Investors have had a rollercoaster ride in the stock market this year, but they have reason to smile. The markets have surged to record highs, surpassing even the predictions made by analysts for 2024.
The S&P 500 has surged more than 10% since January, and last week it surpassed Goldman Sachs’ year-end target of 5,200.
So what comes next?
Investors are pondering a significant question, as noted by Goldman Sachs’ strategists on Friday. According to the analysts, led by David Kostin, chief US equity strategist at Goldman Sachs, there is a scenario where mega-cap tech stocks could keep growing. This growth could potentially push the S&P 500 up by an additional 15% to reach the 6,000 level by the year's end.
The analysts noted that the current rally in growth stocks is distinct from previous market crashes in 2021 or during the tech bubble. This time, investors are focusing more on the actual profits that companies are generating.
Despite the heightened excitement surrounding artificial intelligence, Goldman's analysts pointed out that growth expectations and valuations for the biggest technology, media, and telecommunication stocks are not yet at bubble levels.
The investment bank shared a more cautious prediction where the S&P 500 rises by 11% to reach 5,800 by the end of the year. This scenario suggests that markets would need to return to their pre-pandemic valuation levels.
Analysts noted that these potential increases hinge on the Federal Reserve's upcoming policy decision. There is concern among investors that the central bank may opt to maintain high interest rates for a longer period due to the ongoing presence of elevated interest rates.
Analysts believe that for the market rally to expand, there needs to be a change in the interest rate forecast without any negative impact on the economy. Currently, many sectors are still feeling the effects of prolonged high interest rates.
In a worst-case scenario presented by analysts, there is a possibility of mega tech stocks underperforming and causing a 14% decline in the markets this year.
Goldman analysts are maintaining their baseline prediction of 5,200 for the S&P 500 for now. This suggests that markets could see a drop of around 1% by the end of the year.

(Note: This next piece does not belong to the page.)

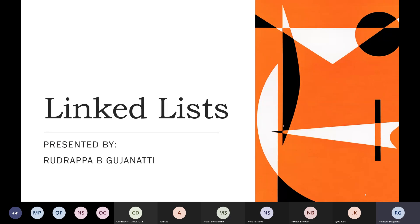Good morning, dear students. Welcome to another session on data structures. In previous sessions, we had a recap of C programming concepts, then discussed different data structures, and in detail we covered arrays — including how to insert elements, delete elements, how to declare an array, and array parameters.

In their analysis, they noted that both their predicted federal funds rate trajectory and their optimistic economic growth forecast seem to have already been factored into market prices.
Editor's P/S:
The stock market's remarkable resilience and record-breaking highs have sparked optimism among investors. Despite the volatility of the past year, the S&P 500 has surpassed analysts' predictions, leaving investors with a sense of satisfaction. The potential for further growth is particularly exciting, with Goldman Sachs suggesting a 15% surge to 6,000 by year-end. This optimism stems from the belief that mega-cap tech stocks will continue to flourish, driven by solid profits and reasonable valuations.
However, the article also acknowledges the uncertainties that remain. The Federal Reserve's interest rate decisions loom large, and analysts caution that a prolonged period of high rates could dampen the market rally. The possibility of underperformance by mega tech stocks and a 14% market decline is also presented as a potential worst-case scenario. Overall, investors are encouraged by the market's current trajectory, but they remain mindful of the challenges that could lie ahead. volatility and uncertainty of the stock market.